Dynamic Activation with Knowledge Distillation for Energy-Efficient Spiking NN Ensembles
Orestis Konstantaropoulos, Theodoris Mallios, Maria Papadopouli
TL;DR
The paper tackles the energy demands of foundation AI models by introducing Spiking Neural Ensemble (SNE), a framework that distills knowledge from a large ANN teacher into multiple SNN students arranged as an ensemble. Each student learns a distinct subset of the teacher's feature space, and the ensemble can dynamically activate only a subset of students to balance accuracy and energy efficiency. Through a combination of knowledge distillation, feature-space disentanglement (frozen or fine-tuned teacher), and flexible dropout strategies, SNE achieves substantial energy savings (up to about 20x fewer FLOPs) with minimal accuracy loss on CIFAR-10, and shows improved robustness under noise. This approach offers a practical path toward deploying energy-efficient, neuromorphic-inspired inference for edge and embedded AI applications.
Abstract
While foundation AI models excel at tasks like classification and decision-making, their high energy consumption makes them unsuitable for energy-constrained applications. Inspired by the brain's efficiency, spiking neural networks (SNNs) have emerged as a viable alternative due to their event-driven nature and compatibility with neuromorphic chips. This work introduces a novel system that combines knowledge distillation and ensemble learning to bridge the performance gap between artificial neural networks (ANNs) and SNNs. A foundation AI model acts as a teacher network, guiding smaller student SNNs organized into an ensemble, called Spiking Neural Ensemble (SNE). SNE enables the disentanglement of the teacher's knowledge, allowing each student to specialize in predicting a distinct aspect of it, while processing the same input.
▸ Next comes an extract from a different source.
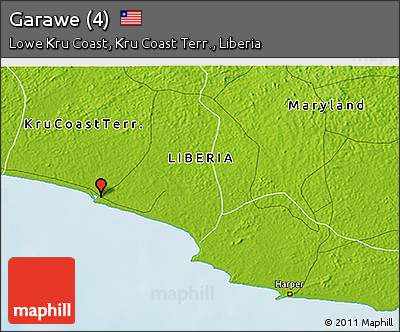 Physical 3D Map of Garawe (4)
The core innovation of SNE is the adaptive activation of a subset of SNN models of an ensemble, leveraging knowledge-distillation, enhanced with an informed-partitioning (disentanglement) of the teacher's feature space. By dynamically activating only a subset of these student SNNs, the system balances accuracy and energy efficiency, achieving substantial energy savings with minimal accuracy loss. Moreover, SNE is significantly more efficient than the teacher network, reducing computational requirements by up to 20x with only a 2% drop in accuracy on the CIFAR-10 dataset. This disentanglement procedure achieves an accuracy improvement of up to 2.4% on the CIFAR-10 dataset compared to other partitioning schemes. Finally, we comparatively analyze SNE performance under noisy conditions, demonstrating enhanced robustness compared to its ANN teacher. In summary, SNE offers a promising new direction for energy-constrained applications.